Outlook: What to Watch





Positive Catalysts



  • Sustained QoQ revenue growth above 15% for three consecutive quarters

  • Operating margin recovery to 20%+ levels seen in FY24

  • Return to consistent quarterly profitability with PAT margins above 5%

  • Reduction in depreciation as percentage of revenue below 10%

  • Entry of institutional investors signalling improved governance




Red Flags



  • Another quarter of net losses or sub-1% PAT margins

  • Revenue decline in Q3 FY26 breaking sequential improvement trend

  • Operating margin falling below 15% indicating further deterioration

  • Increase in debt levels or emergence of promoter pledging

  • Further reduction in promoter holding or insider selling





Jeevan Scientific stands at a critical juncture where management must demonstrate that Q2 FY26's sequential revenue improvement represents the beginning of sustained recovery rather than temporary respite.
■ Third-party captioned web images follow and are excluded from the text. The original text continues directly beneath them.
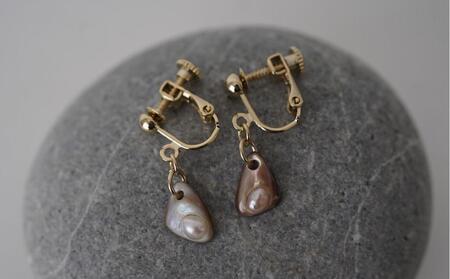 琵琶パールと池蝶貝のイヤリング(THE SHELL with BIWAPearl)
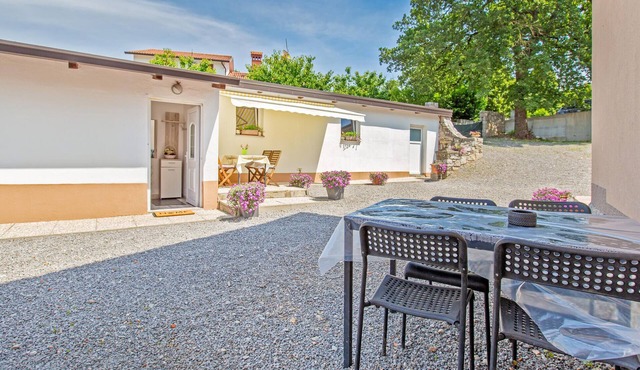 Nice home in Dutovlje with WiFi in Dutovlje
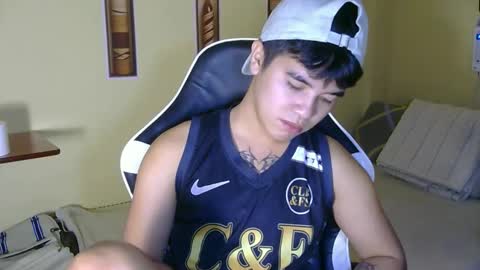 Snapshot of asiancarl_bigcock chatting on March 2026 06:33:01 PM kairo dewji in ifbi online show from March 2026 06:33:01 PM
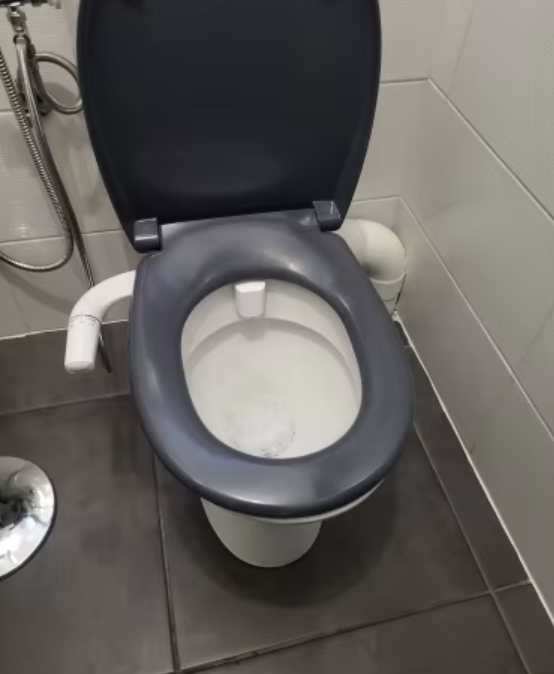 Accessoire Bidet– Pulvérisateur Douchette Toilette Ultra-Mince à Double Buse, Pression Réglable.
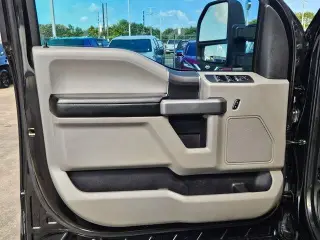 Ford F-150 2018 4x4 King Ranch 4dr SuperCrew 5.5 ft. SB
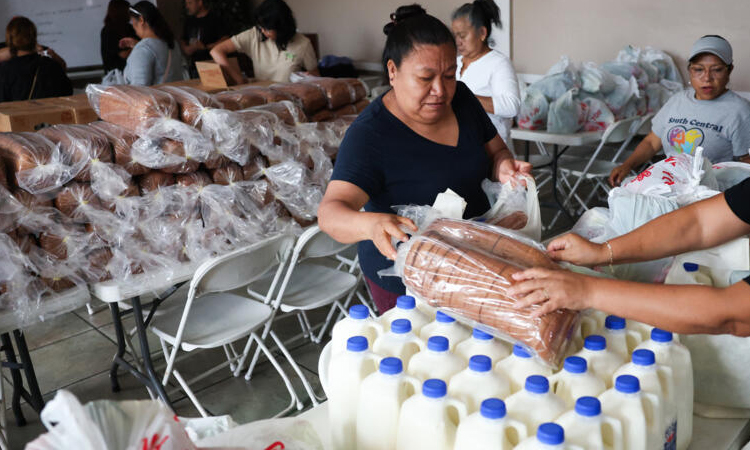 Terrified by Trump raids, LA's undocument migrants hide at home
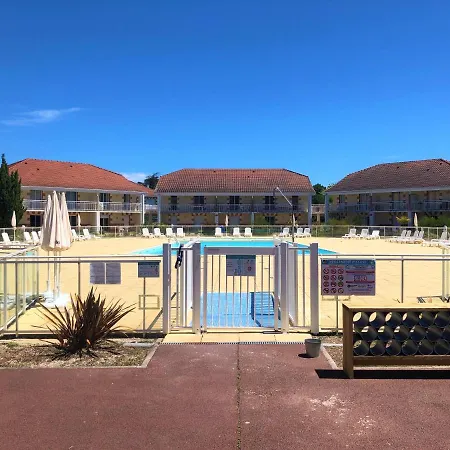 Totalement Rénové Avec Piscine *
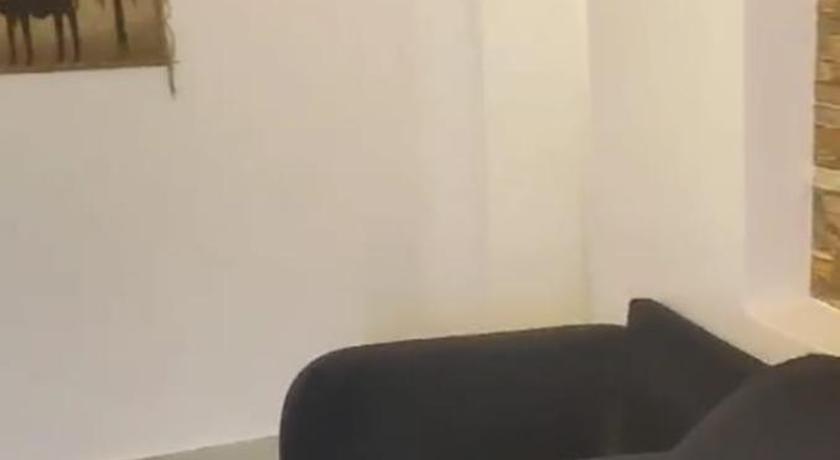 Digital Nomad Hub - Wifi Available - image 31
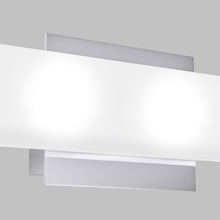Load image into Gallery viewer, Lynn LED Bath Vanity Light in Detail.
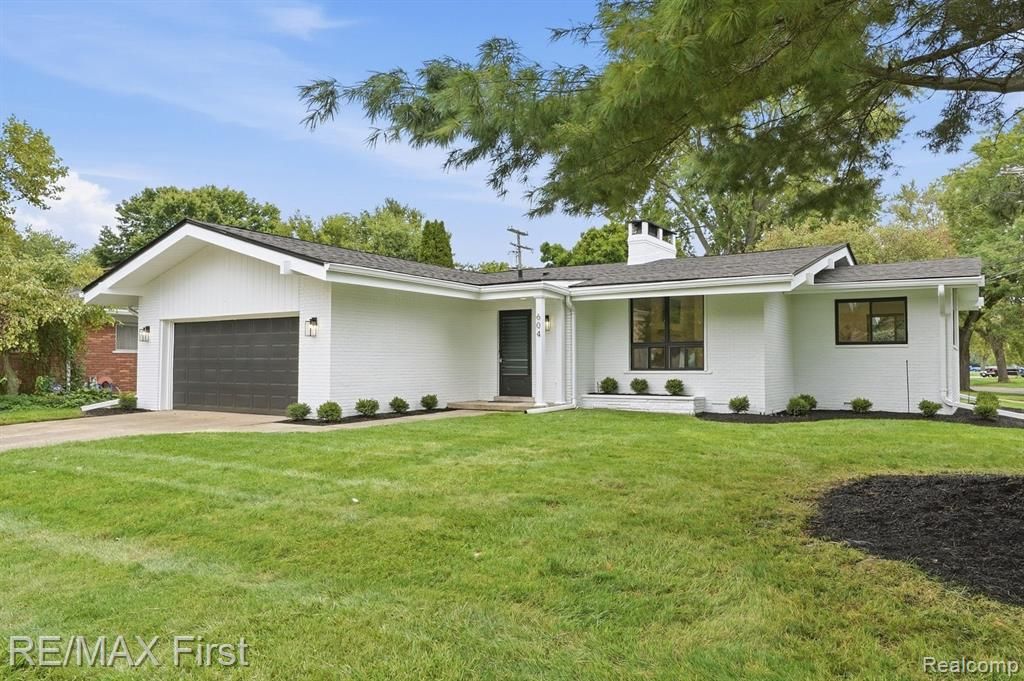 604 S Higbie Place, Grosse Pointe Woods, MI 48236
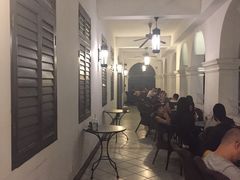 大堂-星巴克臻选(广州沙面店)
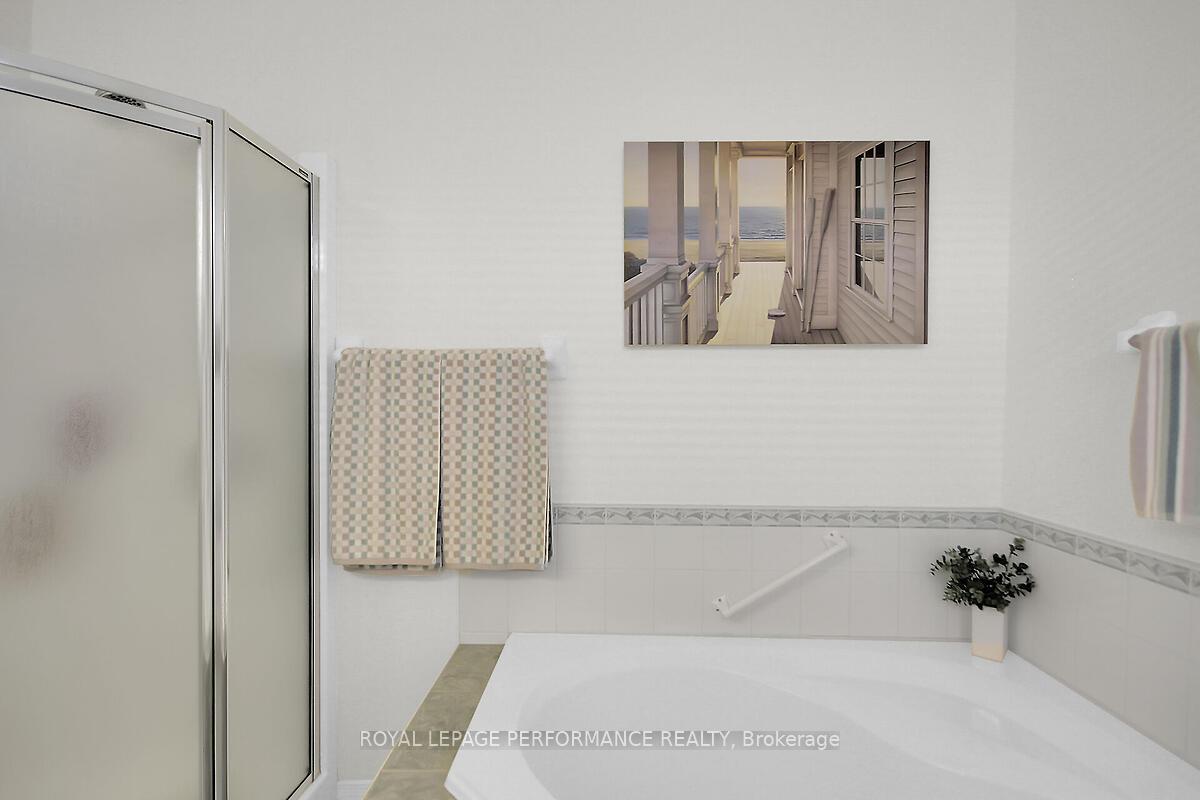 Photo 28 of 6 Briardale Crescent, Ottawa, City View/Skyline/Fisher Heights/Parkwood Hills — HOMEH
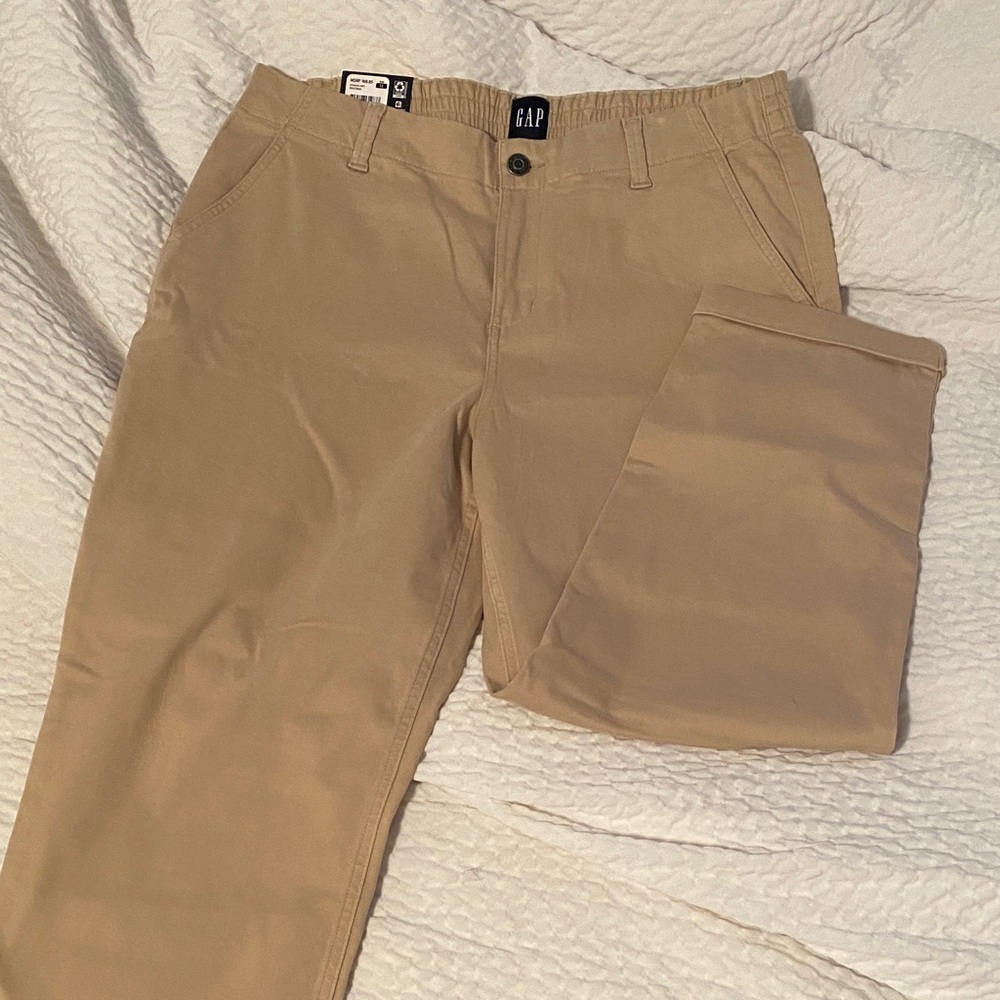 GAP women’s Khaki Chinos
The company needs to articulate a clear strategy for restoring margins to historical levels, improving capital efficiency, and generating consistent positive cash flows. Without visible progress on these fronts over the next two to three quarters, the current valuation—even after recent gains—remains unjustifiable relative to the fundamental risks.




The Verdict: Avoid Until Fundamentals Improve


SELL

Score: 40/100


For Fresh Investors: Avoid initiating positions. The combination of persistent losses, margin compression, capital inefficiency, and zero institutional interest creates an unfavourable risk-reward profile. The recent 46% three-month rally appears technically driven rather than fundamentally justified, increasing the probability of sharp reversals. Wait for at least three consecutive quarters of positive earnings with improving margins before considering entry.


For Existing Holders: Consider exiting on strength, particularly if the stock approaches the ₹66.90 52-week high. The fundamental deterioration visible in Q2 FY26 results—despite sequential revenue improvement—suggests the business model faces structural challenges that management has yet to address adequately. The absence of dividends since September 2022 and uncertainty about return to profitability make holding unattractive relative to opportunity cost.


Fair Value Estimate: Given loss-making status and deteriorating returns, fair value is challenging to estimate but likely closer to book value of ₹31.54 (49% downside from current price). Only sustained return to profitability with 15%+ PAT margins would justify current valuation.





Note- ROCE = (EBIT - Other income)/(Capital Employed - Cash - Current Investments)





⚠️ Investment Disclaimer


This article is for educational and informational purposes only and should not be construed as financial advice. Investors should conduct their own due diligence, consider their risk tolerance and investment objectives, and consult with a qualified financial advisor before making any investment decisions. Past performance is not indicative of future results, and all investments carry risk of loss.